THE INPUT:

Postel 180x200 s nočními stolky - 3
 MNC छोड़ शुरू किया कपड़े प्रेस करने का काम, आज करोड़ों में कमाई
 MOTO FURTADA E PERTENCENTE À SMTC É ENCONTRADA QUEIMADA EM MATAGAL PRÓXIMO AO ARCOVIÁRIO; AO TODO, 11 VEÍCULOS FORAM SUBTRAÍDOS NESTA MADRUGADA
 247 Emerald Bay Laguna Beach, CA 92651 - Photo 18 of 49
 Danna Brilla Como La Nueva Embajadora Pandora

TASK TO CARRY OUT: Each line above needs to be returned exactly as it is.

SOLUTION:
Postel 180x200 s nočními stolky - 3
 MNC छोड़ शुरू किया कपड़े प्रेस करने का काम, आज करोड़ों में कमाई
 MOTO FURTADA E PERTENCENTE À SMTC É ENCONTRADA QUEIMADA EM MATAGAL PRÓXIMO AO ARCOVIÁRIO; AO TODO, 11 VEÍCULOS FORAM SUBTRAÍDOS NESTA MADRUGADA
 247 Emerald Bay Laguna Beach, CA 92651 - Photo 18 of 49
 Danna Brilla Como La Nueva Embajadora Pandora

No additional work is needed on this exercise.